Pictures stay out of the output. Return exactly the lines below from the one with "Sportsman Warehouse TShirt - Picture 1 of 7" down to the one with "Nggak Cuma Natural, Kenali", both included, and nothing more.

INPUT FOR THIS TASK:
※ ※ ※

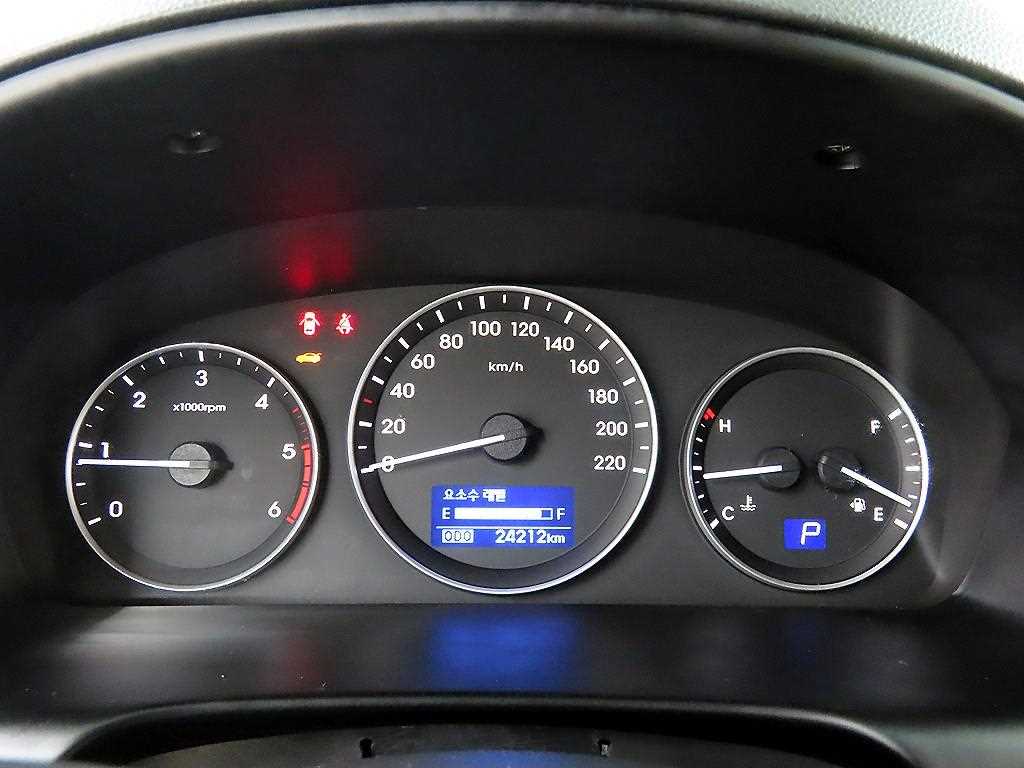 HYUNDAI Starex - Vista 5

※ ※ ※

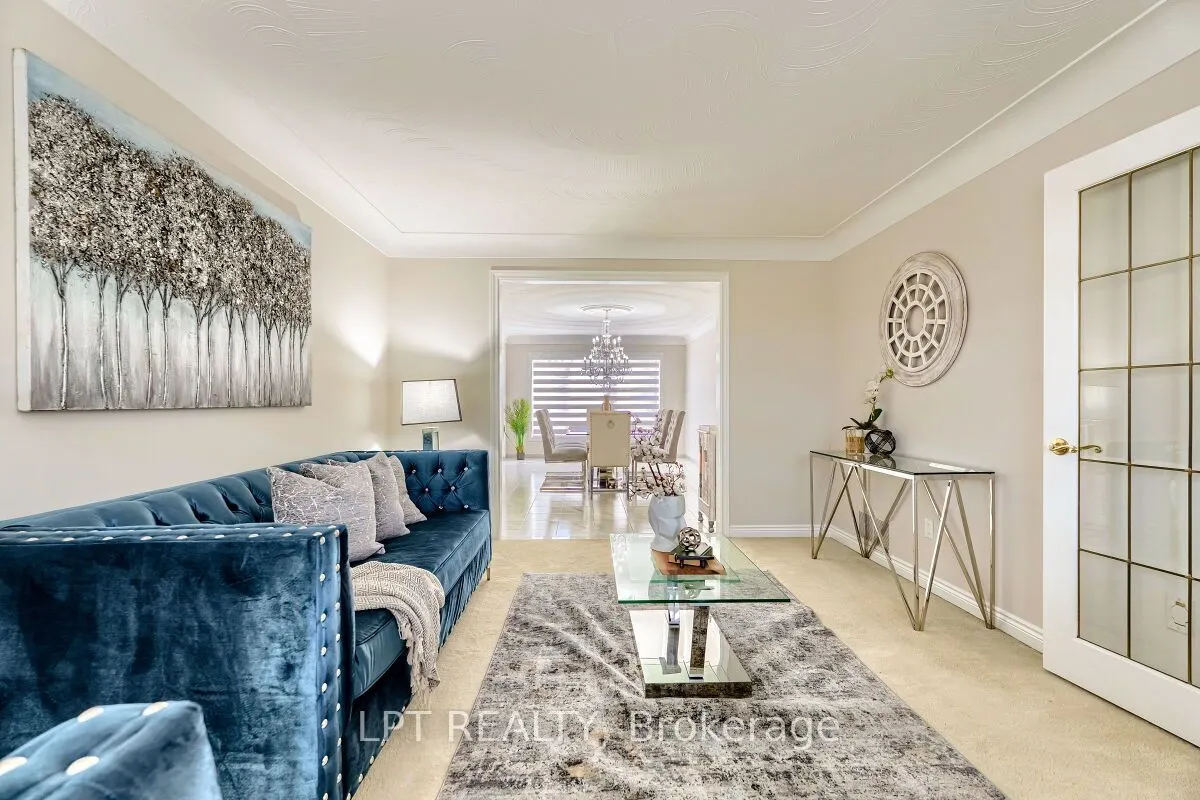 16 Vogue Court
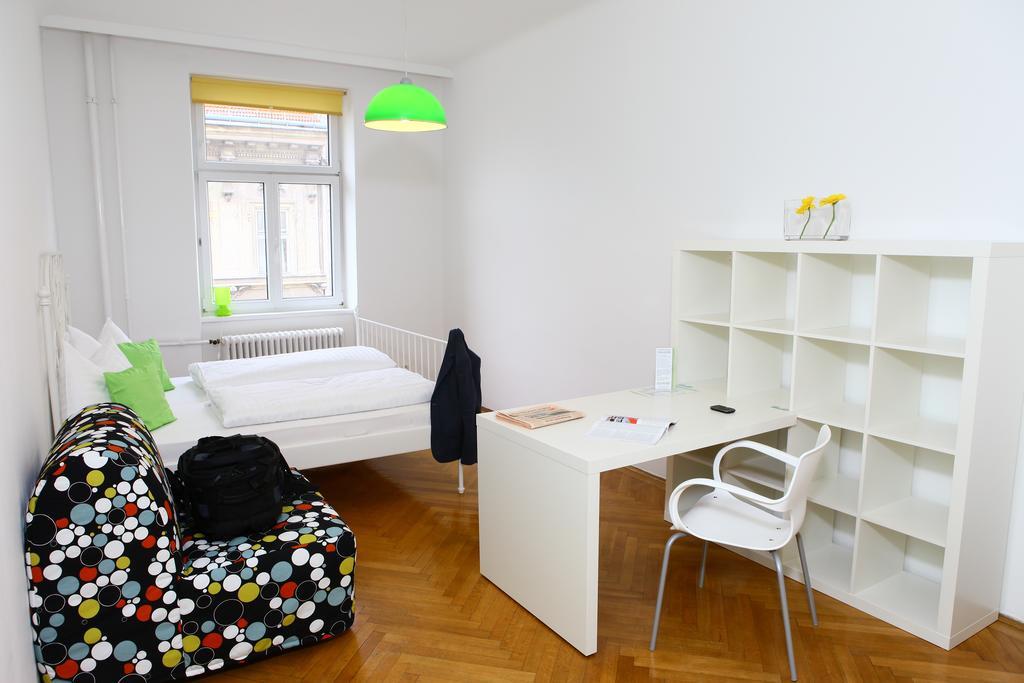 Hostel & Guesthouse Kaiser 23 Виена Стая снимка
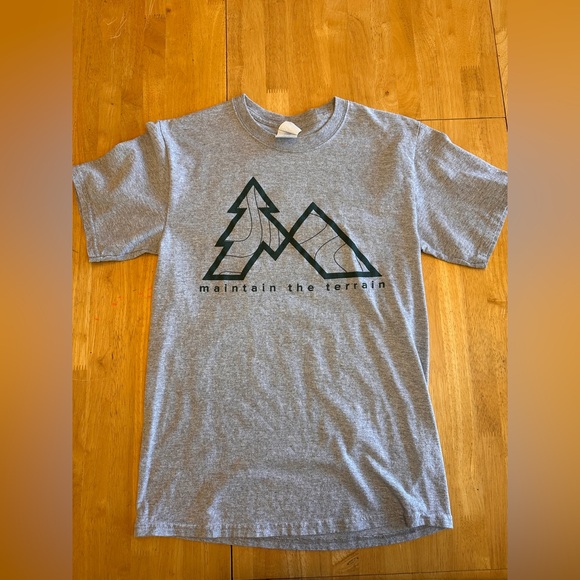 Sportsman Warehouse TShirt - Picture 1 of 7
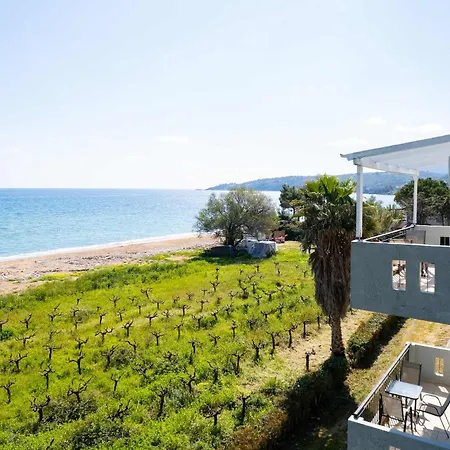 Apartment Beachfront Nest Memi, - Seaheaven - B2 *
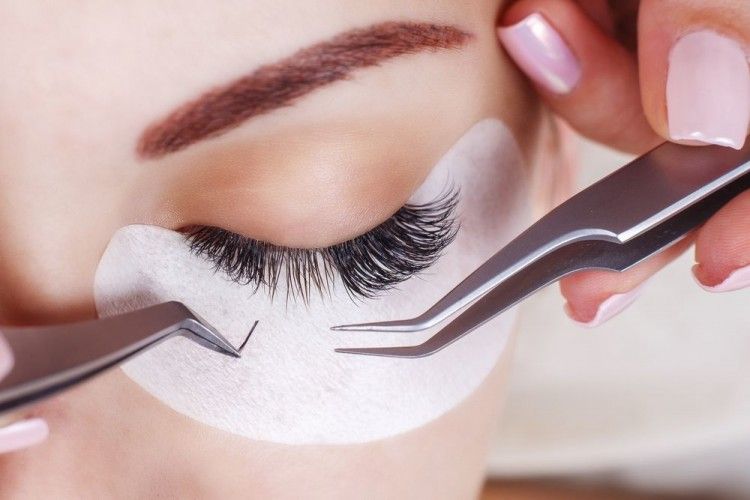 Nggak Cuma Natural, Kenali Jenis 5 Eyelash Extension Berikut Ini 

※ ※ ※

RESULT OF THE EXERCISE:
 Sportsman Warehouse TShirt - Picture 1 of 7
 Apartment Beachfront Nest Memi, - Seaheaven - B2 *
 Nggak Cuma Natural, Kenali Jenis 5 Eyelash Extension Berikut Ini 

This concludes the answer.